New Walk Museum

New Walk Museum
Established 1849 (1849)
Location Leicester, United Kingdom
Coordinates 52°37′44″N 1°07′40″W / 52.628954°N 1.127765°W / 52.628954; -1.127765
Curator Mark Evans
Website New Walk Museum and Art Gallery

The New Walk Museum and Art Gallery is a museum on New Walk in Leicester, England, not far from the city centre.[1] It opened in 1849 as one of the first public museums in the United Kingdom[2] New Walk contains displays of both science and art, international and local. The original building was designed by Joseph Hansom, designer of the hansom cab.[3] It has been expanded several times, most recently in 2011.

Major exhibits

Permanent exhibits include dinosaurs, an Egyptian area, minerals of Leicestershire, the first Charnia fossil identified nearby, and a wildspace area featuring stuffed animals from around the world.

Dinosaurs and fossils

The "Barrow Kipper", a plesiosaur skeleton excavated at Barrow upon Soar

New Walk Museum has a significant collection of extinct lifeforms. Two dinosaur skeletons are permanently on display — a cetiosaur found in Rutland, and a plesiosaur from Barrow upon Soar.[1]

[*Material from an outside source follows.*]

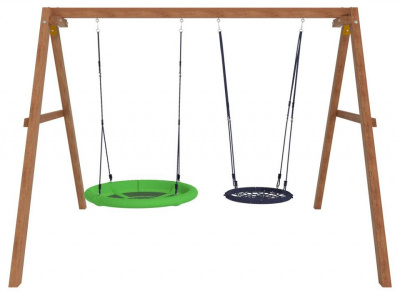 Качели детские Р911-22, коричневый. Фото №4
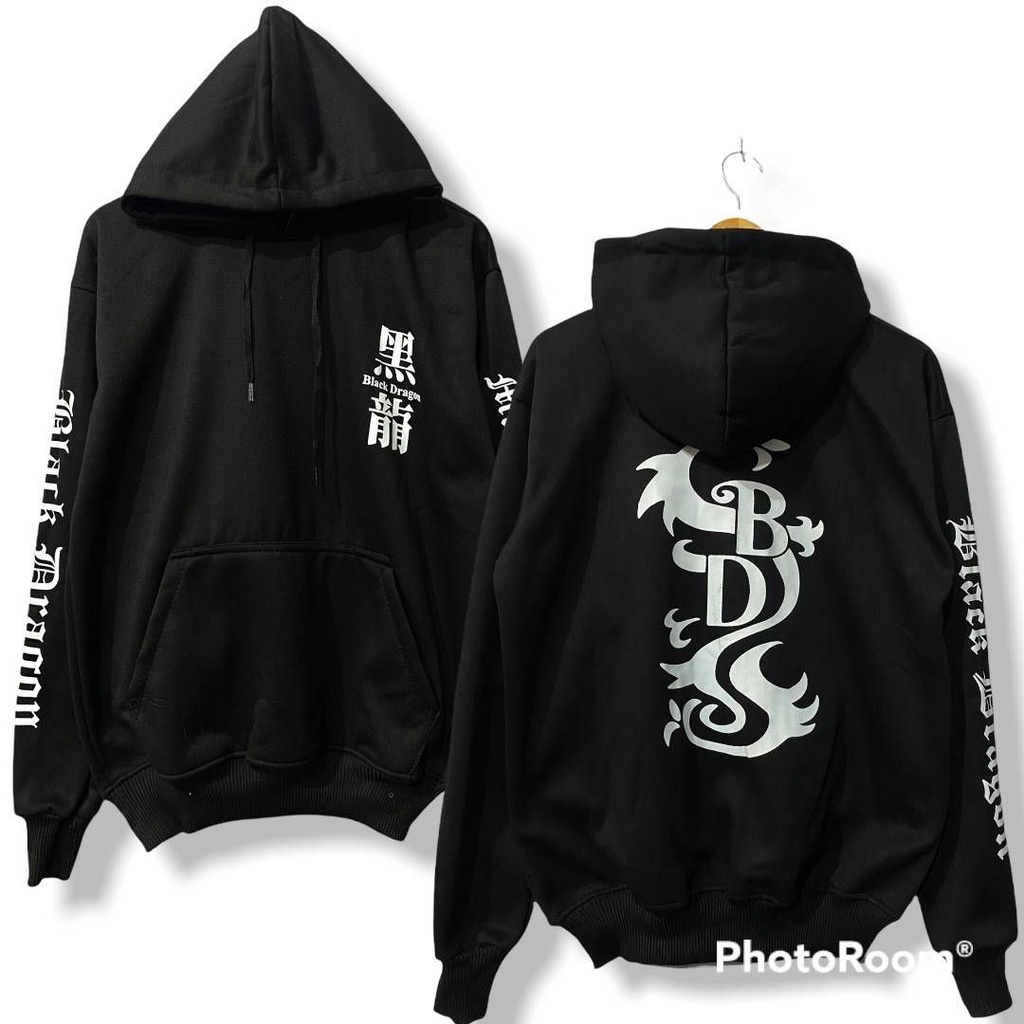 Jual JAKET HOODIE TOKYO REVENGERS TEAM BLACK DRAGON TOUMAN TOKYO MANJI / SWEATER TOKYO REVENGERS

The Rutland Dinosaur, affectionately nicknamed George, is a specimen of Cetiosaurus oxoniensis. The fifteen-meter dinosaur, which is among the most complete sauropod skeletons in the world, was discovered in June 1968, in the Williamson Cliffe quarry near Little Casterton and Great Casterton. The skeletal remains have been in the museum since 1975; the majority of the bones in the display are replicas of the originals, which are too fragile to be used.[4][5] The Rutland Dinosaur featured on an episode of Blue Peter, and was opened by Blue Peter's Janet Ellis in 1985.

The Barrow Kipper, named after the flattened fish, is a skeleton of an unidentified plesiosaur discovered in Barrow upon Soar in 1851. Originally classified as Plesiosaurus macrocephalus, it was later reclassified as Rhomaleosaurus megacephalus. However, according to Adam Smith and Gareth Dyke (2008), the fossil is actually of another, unnamed genus.[6]

In September 2011, the museum expanded its Dinosaur Gallery, reorganizing fossils, adding a new room, and modifying the gallery itself. The new Dinosaur Gallery, which predominantly features extinct marine reptiles, was opened by David Attenborough.[7][1] The "star attractions" of the new gallery include the aforementioned Rutland cetiosaur, Charnia and plesiosaur fossils, as well as a Leedsichthys fossil and a piece of the Barwell Meteorite.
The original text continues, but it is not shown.